This hole gapes as a wide-open trench when filled with swimming, with friends, with family, with dating, with shopping, with partying, with drinking, with anything but God. But His love fits. His love is “that something more” we all desire. It’s unprejudiced, it’s merciful, it’s free, it’s real, it’s huge and it’s everlasting. God’s love is so great that he gave His only son up to an excruciating death on a cross so His blood would cover all our shortcomings and provide for us a way to heaven in accepting this grace.
This is why Christ died. John 10:10 says He died so we no longer have to reach in vain for the magnificence of the stars and find we always fall short, so we can have life—and life to the fullest. I now desire not my own will, but the will of God for my life—however crazy and extravagant, or seemingly mundane and uneventful that might be. Strangely enough, surrendering my own will for the will of God, giving up control, gave me peace, gave me a calm I can’t even begin to express with words.
Four years ago, recognition as one of the valedictorians for our senior class would have been just another attempt to fit the circle into the square cut-out. But because my heart is so full of God’s love, the honor of speaking today is just that: an honor. Without it, I would feel just as full and purposeful as I do at this moment.
And I can guarantee, 100 percent, no doubt in my mind, that as I choose to fill myself with God’s love rather than with the things society tells me will satisfy me, I will find success, I will always retain a sense of self-worth. I will thrive whether I attend a prestigious university next fall and become a successful career man or woman or begin a life-long manager position at McDonald’s.
Because the fact of the matter remains, man possesses an innate desire to take part in something greater than himself. That something is God’s plan. And God’s plan for each of our lives may not leave us with an impressive and extensive resume, but if we pursue His plan, He promises to fill us. Jeremiah 29:11 says, ” ‘For I know the plans I have for you,’ declares the Lord, ‘plans to prosper you and not to harm you, plans to give you a hope and a future.’ “
It seems to me that she definitely went beyond her own personal jesus mantra and turned a speech into a sermon. Some people have said that since the school gave her the pulpit, they were wrong to cut the mike, but my understanding is that constitutional rights and protections end at the school door and basically, schools have the legal authority to act as the parent while the kid is in school, giving them the right to censor her speech and cut the mike. Correct me if I’m wrong - not that I agree with this; I think it’s B.S.
I will thrive whether I attend a prestigious university next fall and become a successful career man or woman or begin a life-long manager position at McDonald’s.

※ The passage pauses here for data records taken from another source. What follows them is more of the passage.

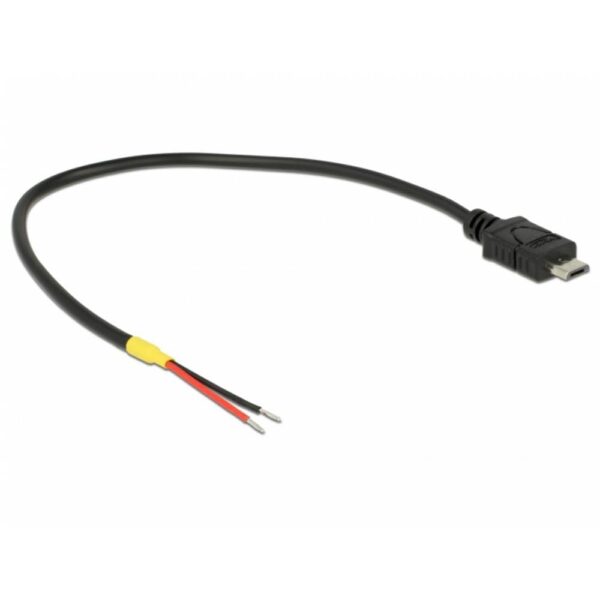 Delock USB-kabel USB 2.0 USB-micro-B stekker, Open kabeleinde 0.20 m Zwart 85541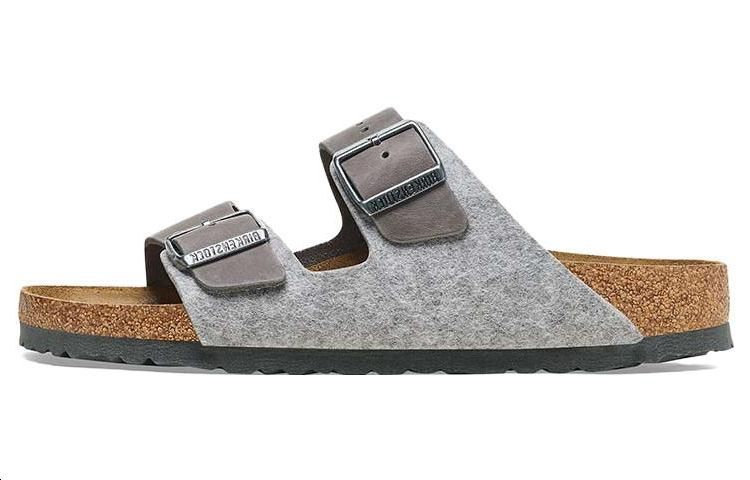 Birkenstock Arizona Leather/Textile/Felt Narrow Fit 'Light Grey'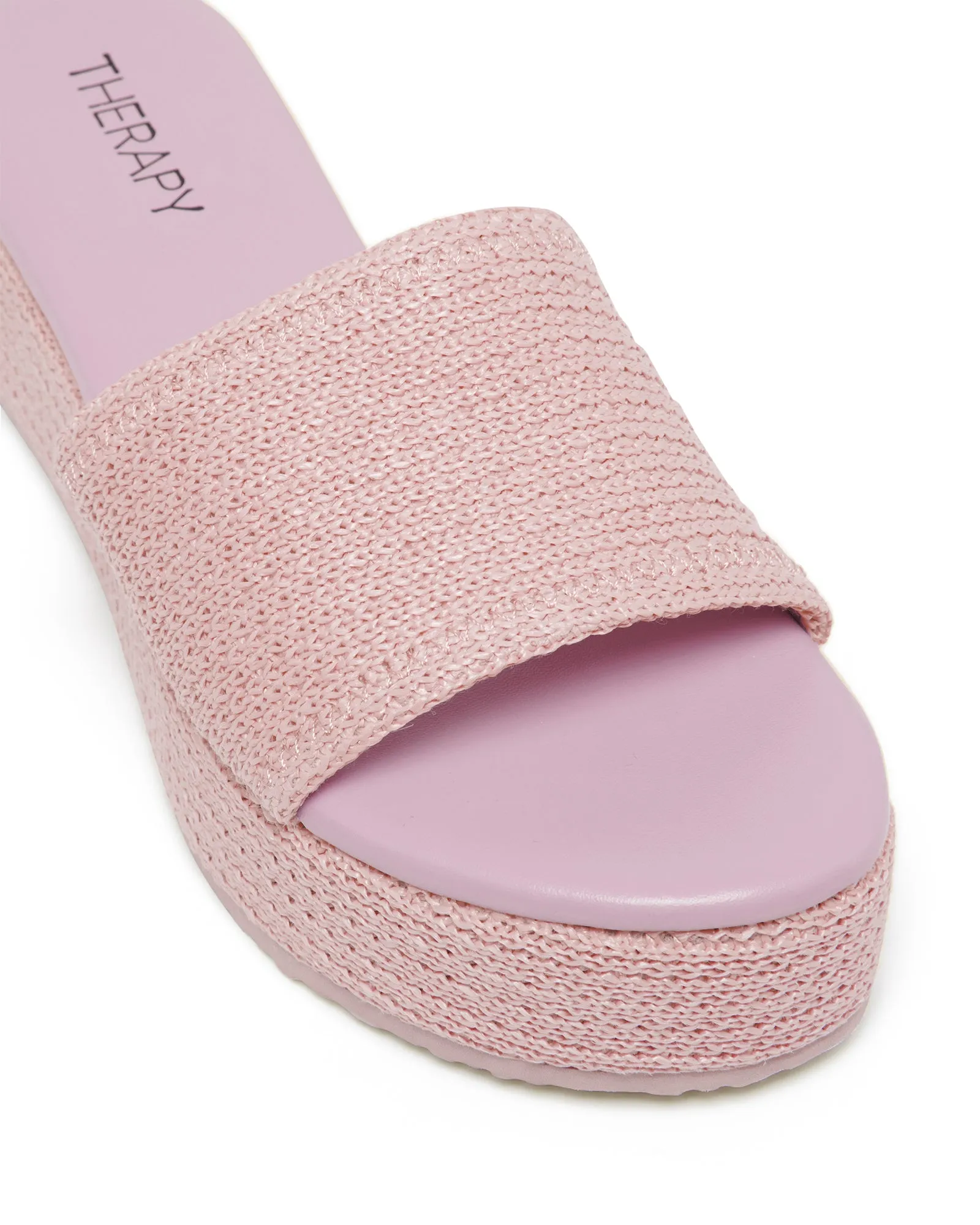 Avery Flatform Sandal Pink Raffia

That would be a great part of God’s plan, if she attended a prestigious university and became a successful career man. :D
I think it would sound less sermony if instead of making general statements about man needing God and using “we”, she stuck to “I”—God helped me, God filled a void in my life, etc. When she says “His love is ‘that something more’ we all desire,” and “man possesses an innate desire to take part in something greater than himself. That something is God’s plan,” it becomes preachy rather than just autobiographical.